1876 (明治9) 年の廃刀令 により刀剣収集から始まりました。
武家文化の基層として漢学を学んでいたことは、中国絵画や漢籍の収集へ・・・
明治時代前半、文明開化による急激な変化がおこりました。既存文化の破壊や流出が進みます。彌之助は廃仏毀釈で衰えた寺院への援助を行い、 その返礼の品も 収集に加わりました。
古美術の収集や保護、内国勧業博覧会出品作への援助も行いました。
(左)橋本雅邦 《龍虎図屏風》(右)国宝 俵屋宗達 源氏物語関屋澪標図屏風
廃仏毀釈による海外流出を防ぐことにも貢献。
明治時代、 彌之助が入手した「太田切」。
『和漢朗詠集』を、華麗な唐紙に、 金銀泥による大和絵風の下絵を加え、 漢詩 と和歌を対照的な書風で書写した巻子の一部。

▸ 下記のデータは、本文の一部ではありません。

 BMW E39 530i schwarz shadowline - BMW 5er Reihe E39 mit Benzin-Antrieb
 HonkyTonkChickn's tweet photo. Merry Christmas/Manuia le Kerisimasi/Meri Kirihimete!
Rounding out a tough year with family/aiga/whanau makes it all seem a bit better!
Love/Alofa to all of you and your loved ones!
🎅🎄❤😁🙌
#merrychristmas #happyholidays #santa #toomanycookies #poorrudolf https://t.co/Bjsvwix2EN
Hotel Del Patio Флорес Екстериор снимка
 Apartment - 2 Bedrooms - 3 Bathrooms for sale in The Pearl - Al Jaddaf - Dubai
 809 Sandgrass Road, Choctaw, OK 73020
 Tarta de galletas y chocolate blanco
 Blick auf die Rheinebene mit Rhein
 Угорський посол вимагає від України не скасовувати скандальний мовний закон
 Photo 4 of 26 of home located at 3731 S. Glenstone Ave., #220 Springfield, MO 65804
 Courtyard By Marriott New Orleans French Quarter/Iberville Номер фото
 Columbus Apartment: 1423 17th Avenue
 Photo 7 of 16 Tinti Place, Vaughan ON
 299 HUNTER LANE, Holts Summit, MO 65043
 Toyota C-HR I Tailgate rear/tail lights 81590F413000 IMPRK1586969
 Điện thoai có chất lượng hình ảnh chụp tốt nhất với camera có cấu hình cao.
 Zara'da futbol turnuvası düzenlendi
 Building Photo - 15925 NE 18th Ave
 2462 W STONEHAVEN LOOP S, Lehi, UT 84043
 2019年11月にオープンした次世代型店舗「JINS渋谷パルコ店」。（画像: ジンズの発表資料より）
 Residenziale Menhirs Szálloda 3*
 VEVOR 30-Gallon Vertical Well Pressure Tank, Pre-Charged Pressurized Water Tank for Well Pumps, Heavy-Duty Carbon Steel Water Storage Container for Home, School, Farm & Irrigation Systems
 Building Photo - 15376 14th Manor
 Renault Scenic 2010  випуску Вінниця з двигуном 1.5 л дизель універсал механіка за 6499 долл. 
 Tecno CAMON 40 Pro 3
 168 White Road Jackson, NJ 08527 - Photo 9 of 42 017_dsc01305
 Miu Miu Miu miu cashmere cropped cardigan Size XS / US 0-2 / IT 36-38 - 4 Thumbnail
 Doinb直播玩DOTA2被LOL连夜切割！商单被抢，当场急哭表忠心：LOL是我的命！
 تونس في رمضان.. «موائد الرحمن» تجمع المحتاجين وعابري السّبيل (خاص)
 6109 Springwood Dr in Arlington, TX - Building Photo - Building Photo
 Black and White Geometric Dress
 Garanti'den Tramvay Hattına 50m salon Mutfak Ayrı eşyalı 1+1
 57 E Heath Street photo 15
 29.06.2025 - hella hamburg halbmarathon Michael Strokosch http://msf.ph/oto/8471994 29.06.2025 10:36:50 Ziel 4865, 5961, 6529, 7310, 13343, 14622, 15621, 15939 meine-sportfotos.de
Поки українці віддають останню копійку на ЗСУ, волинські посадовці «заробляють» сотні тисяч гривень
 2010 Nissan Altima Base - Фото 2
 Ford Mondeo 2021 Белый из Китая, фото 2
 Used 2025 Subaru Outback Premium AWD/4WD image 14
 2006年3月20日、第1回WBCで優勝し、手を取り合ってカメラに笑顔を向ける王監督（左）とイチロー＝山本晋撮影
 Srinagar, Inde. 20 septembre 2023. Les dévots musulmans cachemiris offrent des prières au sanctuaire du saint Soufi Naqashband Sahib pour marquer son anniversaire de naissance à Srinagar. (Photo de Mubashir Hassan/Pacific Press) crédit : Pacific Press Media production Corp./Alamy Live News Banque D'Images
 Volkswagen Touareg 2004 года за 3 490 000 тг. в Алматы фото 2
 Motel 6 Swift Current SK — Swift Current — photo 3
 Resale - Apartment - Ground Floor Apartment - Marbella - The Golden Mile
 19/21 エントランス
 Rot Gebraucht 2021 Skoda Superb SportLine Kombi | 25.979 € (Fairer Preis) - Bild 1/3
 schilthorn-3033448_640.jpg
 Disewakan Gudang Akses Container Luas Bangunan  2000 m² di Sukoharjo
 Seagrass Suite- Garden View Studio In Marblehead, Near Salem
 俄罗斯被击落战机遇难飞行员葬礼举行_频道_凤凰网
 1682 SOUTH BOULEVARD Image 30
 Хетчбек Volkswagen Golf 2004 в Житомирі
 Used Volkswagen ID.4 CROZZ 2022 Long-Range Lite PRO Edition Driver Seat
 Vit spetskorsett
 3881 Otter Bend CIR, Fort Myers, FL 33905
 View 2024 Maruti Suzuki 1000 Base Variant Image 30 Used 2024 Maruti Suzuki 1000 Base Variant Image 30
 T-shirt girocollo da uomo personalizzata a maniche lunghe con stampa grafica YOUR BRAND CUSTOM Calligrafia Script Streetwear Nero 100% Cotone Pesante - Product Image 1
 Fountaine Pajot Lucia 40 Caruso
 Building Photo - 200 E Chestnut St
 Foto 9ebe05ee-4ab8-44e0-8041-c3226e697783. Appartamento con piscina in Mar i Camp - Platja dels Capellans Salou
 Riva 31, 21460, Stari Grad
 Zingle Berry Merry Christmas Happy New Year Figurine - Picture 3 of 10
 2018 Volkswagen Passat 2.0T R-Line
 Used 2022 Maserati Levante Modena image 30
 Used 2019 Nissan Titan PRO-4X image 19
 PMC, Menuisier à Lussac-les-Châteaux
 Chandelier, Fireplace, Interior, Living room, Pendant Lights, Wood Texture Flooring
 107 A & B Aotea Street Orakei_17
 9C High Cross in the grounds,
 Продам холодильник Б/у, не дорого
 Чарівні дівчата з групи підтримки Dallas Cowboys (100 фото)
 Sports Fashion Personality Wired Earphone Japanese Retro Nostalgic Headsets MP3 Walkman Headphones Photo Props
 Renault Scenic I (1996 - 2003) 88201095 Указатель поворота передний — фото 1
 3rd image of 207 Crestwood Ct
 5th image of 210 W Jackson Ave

掛川藩主太田資愛が旧蔵したと考えられることから大田切と呼ばれます。
国宝 和漢朗詠抄 大田切
黒田清輝《裸体婦人像》
原撫松 《岩崎彌之助像》 同時代作家の支援を行いました。
第3章 久彌―古典籍愛好から学術貢献へ
1924 (大正13) 年、 財団法人東洋文庫が発足 。 幅広い視点で東アジアを中心とする古典籍から絵画まで多岐にわたり収集。 所蔵は現在約100万冊、 アジア最大級の東洋学術研究図書館となり国際的に高い評価を得ています。
〇世界の視覚化 古地図コレクション
〇信仰に宿る美
八千頌般若經
手前:聖書 奥:コーラン
〇博物学が生んだ芸術
(左)日本動物誌 1833-50年/刊、 ライデン 4冊 刊本 石版筆彩
約820種の動物が4000点 以上の図版
(右)シーボルト『日本植物誌』1835-70年
図版は全部で150点、 石版単色摺り。上から手で彩色
アジアの鳥類
第4章 小彌太 ―静嘉堂の拡充
表千家12代の惺斎宗匠や表千家流久田家11代の宗也に師事。茶道具への関心を深めます。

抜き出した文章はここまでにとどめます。